### What the exercise asks
Repeat, line for line, the entries below from the first line to the line containing "ET44AC #3614 leads", counting both ends.

[Brief descriptive captions]
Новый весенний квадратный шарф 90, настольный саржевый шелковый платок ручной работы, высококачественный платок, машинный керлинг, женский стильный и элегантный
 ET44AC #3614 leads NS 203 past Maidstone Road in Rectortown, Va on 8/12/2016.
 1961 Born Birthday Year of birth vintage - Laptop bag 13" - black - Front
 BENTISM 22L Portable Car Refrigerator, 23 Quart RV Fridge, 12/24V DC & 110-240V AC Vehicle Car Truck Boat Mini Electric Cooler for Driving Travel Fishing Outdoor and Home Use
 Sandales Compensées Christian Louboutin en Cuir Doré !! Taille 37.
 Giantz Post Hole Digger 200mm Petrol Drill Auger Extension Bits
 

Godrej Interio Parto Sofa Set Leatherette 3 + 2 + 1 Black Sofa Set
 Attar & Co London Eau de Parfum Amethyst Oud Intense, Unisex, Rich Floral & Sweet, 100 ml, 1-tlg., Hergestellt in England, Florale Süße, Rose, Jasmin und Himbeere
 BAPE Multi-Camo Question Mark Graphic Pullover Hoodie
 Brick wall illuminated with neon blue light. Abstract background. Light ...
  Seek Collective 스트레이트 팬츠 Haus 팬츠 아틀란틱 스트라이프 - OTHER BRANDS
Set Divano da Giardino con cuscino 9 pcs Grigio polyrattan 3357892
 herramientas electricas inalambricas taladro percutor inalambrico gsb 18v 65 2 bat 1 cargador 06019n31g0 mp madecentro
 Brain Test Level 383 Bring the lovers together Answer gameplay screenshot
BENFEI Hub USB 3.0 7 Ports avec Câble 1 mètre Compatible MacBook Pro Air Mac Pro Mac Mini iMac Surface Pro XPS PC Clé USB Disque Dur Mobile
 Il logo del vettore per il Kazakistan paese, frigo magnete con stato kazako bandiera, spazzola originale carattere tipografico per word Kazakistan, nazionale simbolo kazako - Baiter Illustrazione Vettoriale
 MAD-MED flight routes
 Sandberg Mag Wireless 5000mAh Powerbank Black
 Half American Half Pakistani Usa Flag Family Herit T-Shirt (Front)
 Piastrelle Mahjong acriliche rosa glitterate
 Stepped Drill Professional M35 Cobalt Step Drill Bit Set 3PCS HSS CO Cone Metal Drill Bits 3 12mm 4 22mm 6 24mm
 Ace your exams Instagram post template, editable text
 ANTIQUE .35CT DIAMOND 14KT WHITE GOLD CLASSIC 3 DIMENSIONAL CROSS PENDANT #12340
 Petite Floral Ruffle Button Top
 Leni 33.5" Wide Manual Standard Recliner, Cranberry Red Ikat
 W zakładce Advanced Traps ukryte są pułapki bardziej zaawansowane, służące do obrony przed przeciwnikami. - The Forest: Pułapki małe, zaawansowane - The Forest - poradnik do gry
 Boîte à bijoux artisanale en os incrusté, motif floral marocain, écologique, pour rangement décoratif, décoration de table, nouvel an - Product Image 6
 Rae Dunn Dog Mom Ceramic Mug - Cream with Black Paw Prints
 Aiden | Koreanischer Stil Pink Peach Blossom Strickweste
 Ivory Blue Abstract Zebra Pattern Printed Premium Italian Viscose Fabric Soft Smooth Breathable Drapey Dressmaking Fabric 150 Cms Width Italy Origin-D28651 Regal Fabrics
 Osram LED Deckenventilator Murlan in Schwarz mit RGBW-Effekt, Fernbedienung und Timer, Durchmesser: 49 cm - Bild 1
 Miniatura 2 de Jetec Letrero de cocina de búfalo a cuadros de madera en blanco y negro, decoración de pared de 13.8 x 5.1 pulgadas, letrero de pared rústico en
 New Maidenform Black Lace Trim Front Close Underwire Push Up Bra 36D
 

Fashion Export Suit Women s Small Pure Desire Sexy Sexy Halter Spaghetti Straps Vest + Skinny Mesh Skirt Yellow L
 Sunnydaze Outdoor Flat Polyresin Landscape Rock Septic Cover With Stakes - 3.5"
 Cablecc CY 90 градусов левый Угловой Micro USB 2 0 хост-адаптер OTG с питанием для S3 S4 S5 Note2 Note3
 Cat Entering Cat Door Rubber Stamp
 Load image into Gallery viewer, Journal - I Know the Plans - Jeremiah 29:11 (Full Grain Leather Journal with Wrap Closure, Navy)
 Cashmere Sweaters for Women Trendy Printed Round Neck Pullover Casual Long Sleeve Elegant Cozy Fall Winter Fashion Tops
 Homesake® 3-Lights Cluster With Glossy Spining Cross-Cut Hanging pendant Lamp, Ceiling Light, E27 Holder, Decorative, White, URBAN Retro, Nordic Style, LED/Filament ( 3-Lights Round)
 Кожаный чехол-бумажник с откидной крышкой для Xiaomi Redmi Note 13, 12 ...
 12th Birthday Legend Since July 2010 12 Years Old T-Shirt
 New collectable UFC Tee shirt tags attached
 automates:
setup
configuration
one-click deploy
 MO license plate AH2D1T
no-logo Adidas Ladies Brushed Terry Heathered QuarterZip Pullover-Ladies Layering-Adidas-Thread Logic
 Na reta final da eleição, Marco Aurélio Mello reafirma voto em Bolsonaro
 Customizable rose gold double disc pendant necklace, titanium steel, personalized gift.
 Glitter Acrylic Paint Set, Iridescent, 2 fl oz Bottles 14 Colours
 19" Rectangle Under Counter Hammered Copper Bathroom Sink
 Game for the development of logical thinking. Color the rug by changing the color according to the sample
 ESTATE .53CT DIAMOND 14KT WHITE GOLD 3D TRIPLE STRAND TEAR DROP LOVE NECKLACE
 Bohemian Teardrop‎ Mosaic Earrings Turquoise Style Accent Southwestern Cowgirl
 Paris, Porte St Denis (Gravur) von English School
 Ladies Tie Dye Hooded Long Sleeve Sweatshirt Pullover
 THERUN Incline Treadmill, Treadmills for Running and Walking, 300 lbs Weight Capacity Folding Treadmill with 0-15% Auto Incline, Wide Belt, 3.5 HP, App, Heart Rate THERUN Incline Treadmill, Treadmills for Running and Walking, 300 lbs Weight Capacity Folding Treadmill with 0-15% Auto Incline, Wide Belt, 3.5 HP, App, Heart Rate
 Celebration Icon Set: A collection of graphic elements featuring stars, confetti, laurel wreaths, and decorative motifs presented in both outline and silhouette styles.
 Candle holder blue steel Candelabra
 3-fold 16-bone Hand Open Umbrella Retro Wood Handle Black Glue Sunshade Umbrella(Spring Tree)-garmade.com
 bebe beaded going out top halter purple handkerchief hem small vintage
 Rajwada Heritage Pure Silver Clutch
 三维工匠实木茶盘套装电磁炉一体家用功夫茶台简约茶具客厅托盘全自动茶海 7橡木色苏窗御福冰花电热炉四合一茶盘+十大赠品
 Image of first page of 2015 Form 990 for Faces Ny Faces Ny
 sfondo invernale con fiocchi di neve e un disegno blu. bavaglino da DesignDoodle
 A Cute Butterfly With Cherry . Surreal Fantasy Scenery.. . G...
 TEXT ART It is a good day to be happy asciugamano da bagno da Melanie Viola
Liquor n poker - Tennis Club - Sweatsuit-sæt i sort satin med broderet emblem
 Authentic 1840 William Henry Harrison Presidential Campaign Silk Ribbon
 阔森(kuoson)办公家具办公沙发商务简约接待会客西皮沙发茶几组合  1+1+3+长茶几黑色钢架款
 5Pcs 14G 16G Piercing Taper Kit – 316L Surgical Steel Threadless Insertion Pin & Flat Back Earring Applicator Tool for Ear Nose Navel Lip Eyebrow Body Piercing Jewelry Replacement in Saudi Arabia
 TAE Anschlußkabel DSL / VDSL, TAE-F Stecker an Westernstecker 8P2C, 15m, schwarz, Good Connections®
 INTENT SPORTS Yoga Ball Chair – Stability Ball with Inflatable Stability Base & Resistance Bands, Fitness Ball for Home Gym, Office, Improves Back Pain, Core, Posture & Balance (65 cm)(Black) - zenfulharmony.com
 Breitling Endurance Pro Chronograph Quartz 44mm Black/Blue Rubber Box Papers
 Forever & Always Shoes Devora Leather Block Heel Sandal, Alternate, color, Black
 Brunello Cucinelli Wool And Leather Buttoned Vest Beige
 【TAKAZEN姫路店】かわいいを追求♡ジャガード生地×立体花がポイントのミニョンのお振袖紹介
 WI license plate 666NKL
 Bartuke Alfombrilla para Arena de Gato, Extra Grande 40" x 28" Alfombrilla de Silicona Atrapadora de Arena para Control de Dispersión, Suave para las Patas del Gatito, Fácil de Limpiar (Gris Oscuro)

### Answer below
Новый весенний квадратный шарф 90, настольный саржевый шелковый платок ручной работы, высококачественный платок, машинный керлинг, женский стильный и элегантный
 ET44AC #3614 leads NS 203 past Maidstone Road in Rectortown, Va on 8/12/2016.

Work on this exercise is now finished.